Exhibit F: Santorini Pumice in Egypt. The second major premise of The Exodus Decoded is that tectonic activity caused the eruption of the Santorini volcano and triggered earthquakes, bringing about the plagues in Egypt. Jacobovici says the eruption took place in 1500 BC at the time of the Exodus. The date of the eruption is a hotly debated topic. Carbon-14 samples suggest a date of ca. 1625 BC, whereas conventional historical dating places the event at ca. 1525 BC.[2] Pumice from the Santorini eruption was found at Tell el-Daba. Here, we run into another major chronological difficulty. The pumice was found in an archaeological stratum later than the reign of Ahmose (Bietak 1997: 124–25). Thus, there is a chronological disconnect between Jacobovici’s Pharaoh of the Exodus and the eruption of Santorini.

Exhibit G: Ipuwer Plagues Papyrus. Jacobovici now calls on the Ipuwer Papyrus, which he believes provides evidence for a plague of “ice and fire mingled together.” The seventh plague of hail, he says, is volcanic hail induced by Santorini as described in the Ipuwer Papyrus. Again, we have a chronological problem. Although Jacobovici states that many scholars date the Ipuwer Papyrus to the Hyksos period, the fact of the matter is that most Egyptologists date it to the First Intermediate Period (ca. 2100 BC) or the late Middle Kingdom (ca. 1700 BC) (Shupak 1997: 93), well before Jacobovici’s Exodus date of 1500 BC.

Ipuwer Papyrus
Ipuwer Papyrus, National Archaeological Museum, Leiden, Netherlands. It tells of ordeals and calamities blamed on an unnamed king, perhaps Pepy II (ca. 2300–2206 BC) of the Sixth Dynasty, and predicts better times under a coming, ideal monarch. (ABR file photo)
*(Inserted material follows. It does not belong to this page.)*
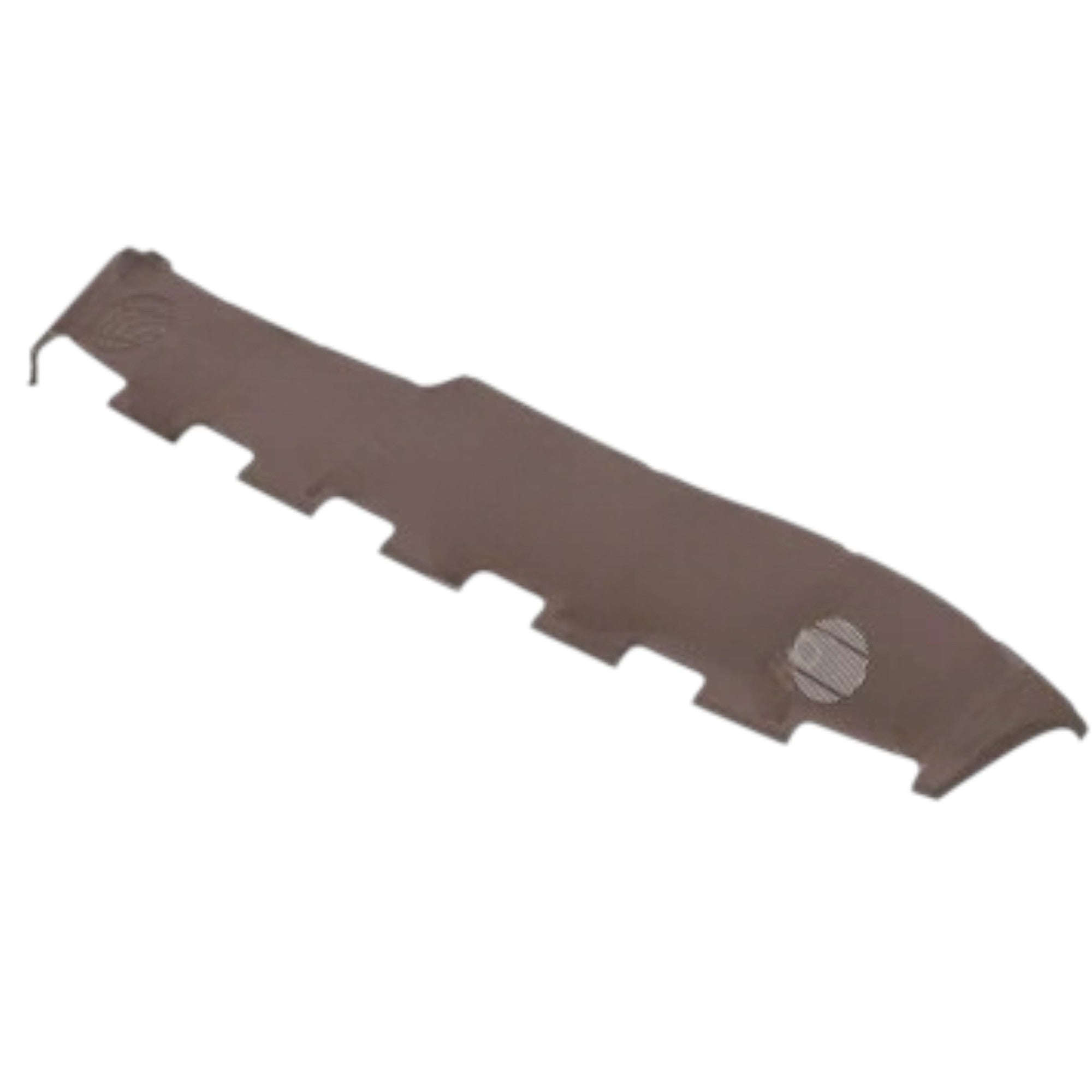 A2251677000 Genuine Freightliner Dashboard Cover Polycarbonate/Abs, Dark Taupe, for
Exhibit H: Santorini Ash in the Nile Delta. Jacobovici claims that an ash cloud from Santorini caused the darkness of the ninth plague. There is no question but what Santorini ash arrived on the shores of Egypt. But the pumice evidence indicates that this was after the Hyksos period.
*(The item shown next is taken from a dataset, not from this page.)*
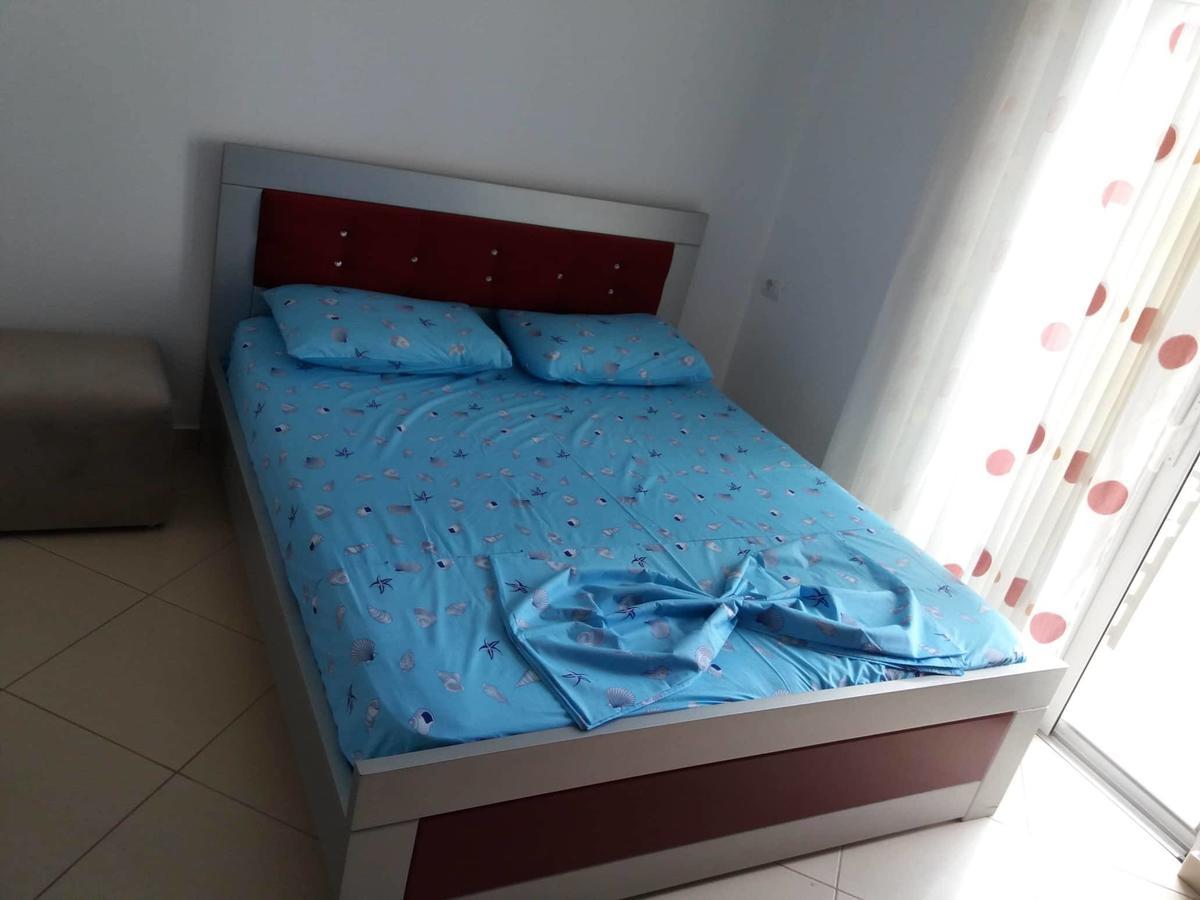 Apartment Bushi Ksamil Exterior photo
Exhibit I: Male Plague Victims. Jacobovici asserts that mass burials of males in pit graves at Tell el-Daba are evidence for plague 10, the death of the firstborn. However, he presents only part of the evidence. As usual, there is a chronological problem. The burials are from the early 18th Dynasty, after the expulsion of the Hyksos. In addition, the individuals have a very narrow age range: between 18 and 25. We would expect victims of plague 10 to be younger than 18 and older than 25. Anthropological examination has shown that some of the individuals were Nubians, commonly employed in the Egyptian army in this time period. Since the burials were in the area of a military camp and arrowheads were found in the graves, the most logical explanation is that the burials were soldiers from the Egyptian army. The excavator concludes, “They were probably soldiers who died in the camps from diseases over a period of time” (Bietak 2005: 13).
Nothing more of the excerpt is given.